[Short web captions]
########

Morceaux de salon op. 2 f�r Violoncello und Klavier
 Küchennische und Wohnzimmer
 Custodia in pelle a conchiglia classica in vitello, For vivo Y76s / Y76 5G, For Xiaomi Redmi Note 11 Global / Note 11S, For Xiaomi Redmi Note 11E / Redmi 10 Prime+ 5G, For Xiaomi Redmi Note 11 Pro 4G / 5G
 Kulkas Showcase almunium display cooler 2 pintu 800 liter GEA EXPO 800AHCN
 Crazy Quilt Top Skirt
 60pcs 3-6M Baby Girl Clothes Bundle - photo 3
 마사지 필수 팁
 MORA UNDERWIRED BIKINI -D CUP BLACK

########

• **Aim of the task**
Going line by line, copy the data above exactly.

• **Solution**
Morceaux de salon op. 2 f�r Violoncello und Klavier
 Küchennische und Wohnzimmer
 Custodia in pelle a conchiglia classica in vitello, For vivo Y76s / Y76 5G, For Xiaomi Redmi Note 11 Global / Note 11S, For Xiaomi Redmi Note 11E / Redmi 10 Prime+ 5G, For Xiaomi Redmi Note 11 Pro 4G / 5G
 Kulkas Showcase almunium display cooler 2 pintu 800 liter GEA EXPO 800AHCN
 Crazy Quilt Top Skirt
 60pcs 3-6M Baby Girl Clothes Bundle - photo 3
 마사지 필수 팁
 MORA UNDERWIRED BIKINI -D CUP BLACK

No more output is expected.